**EXERCISE**:
The data should be written out in full, exactly as it stands, and the pictures dropped.

**RAW DATA**:
.....

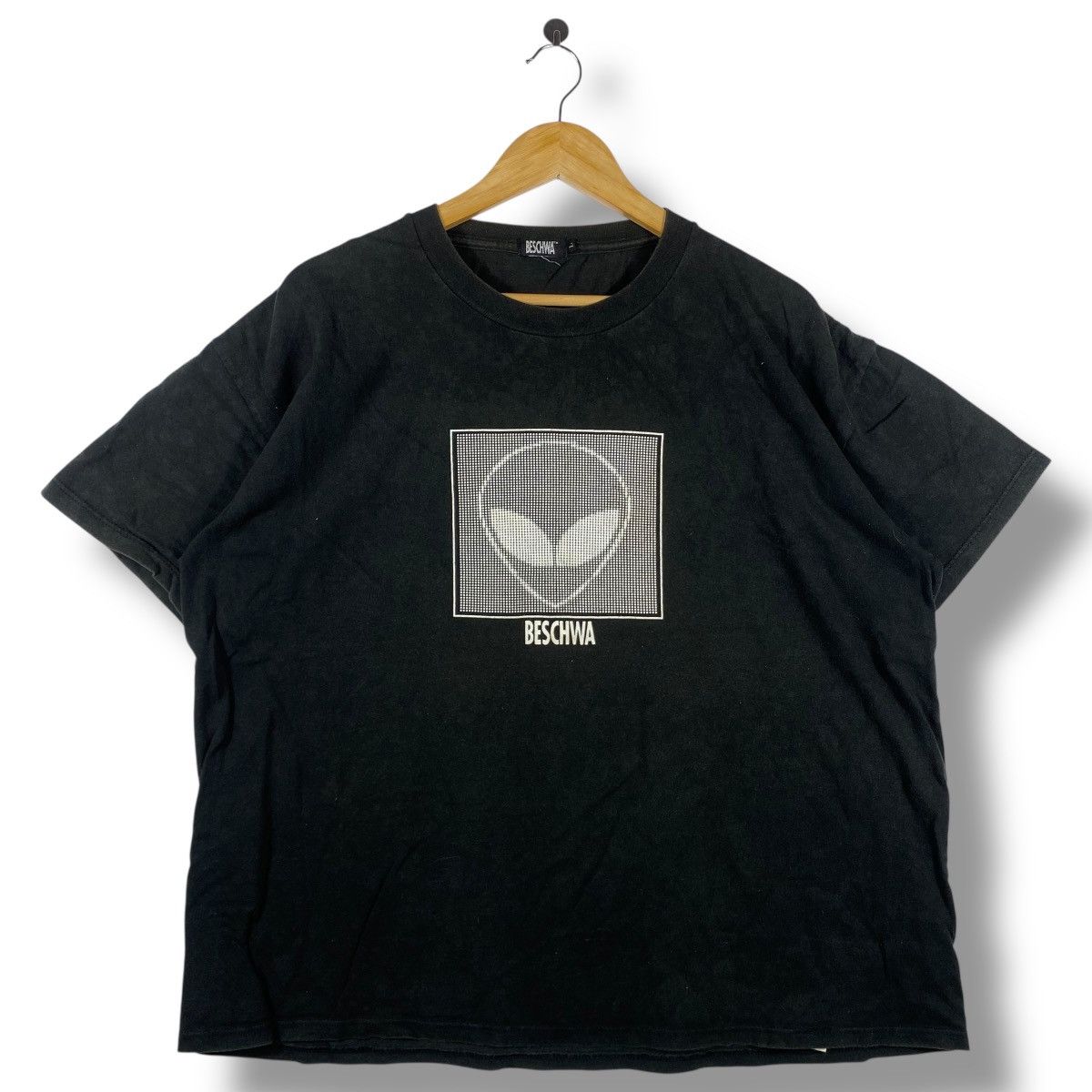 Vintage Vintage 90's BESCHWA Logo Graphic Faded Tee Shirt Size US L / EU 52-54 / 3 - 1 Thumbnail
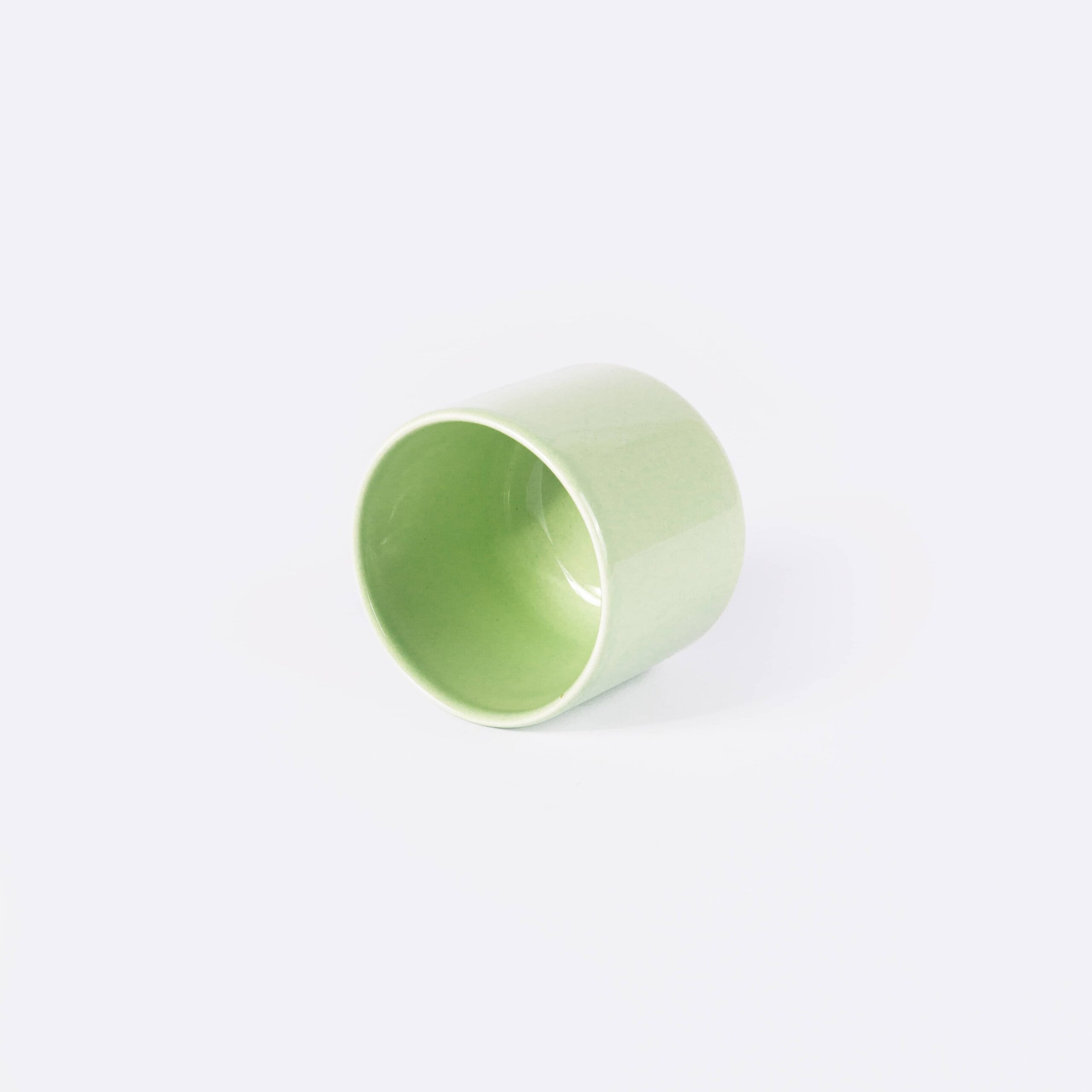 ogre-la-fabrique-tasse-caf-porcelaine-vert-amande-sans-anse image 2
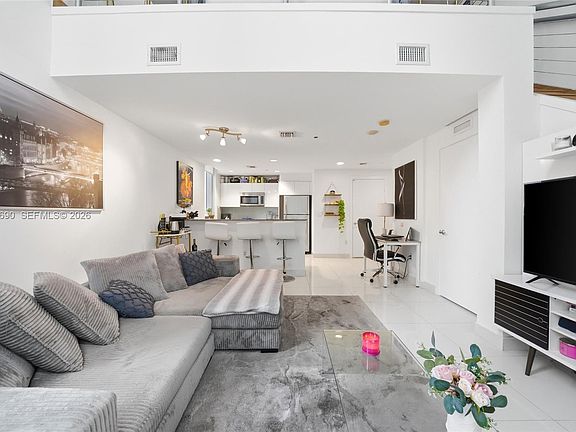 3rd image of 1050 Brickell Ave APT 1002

.....

**RESULT OF THIS EXERCISE**:
 Vintage Vintage 90's BESCHWA Logo Graphic Faded Tee Shirt Size US L / EU 52-54 / 3 - 1 Thumbnail
 ogre-la-fabrique-tasse-caf-porcelaine-vert-amande-sans-anse image 2
 3rd image of 1050 Brickell Ave APT 1002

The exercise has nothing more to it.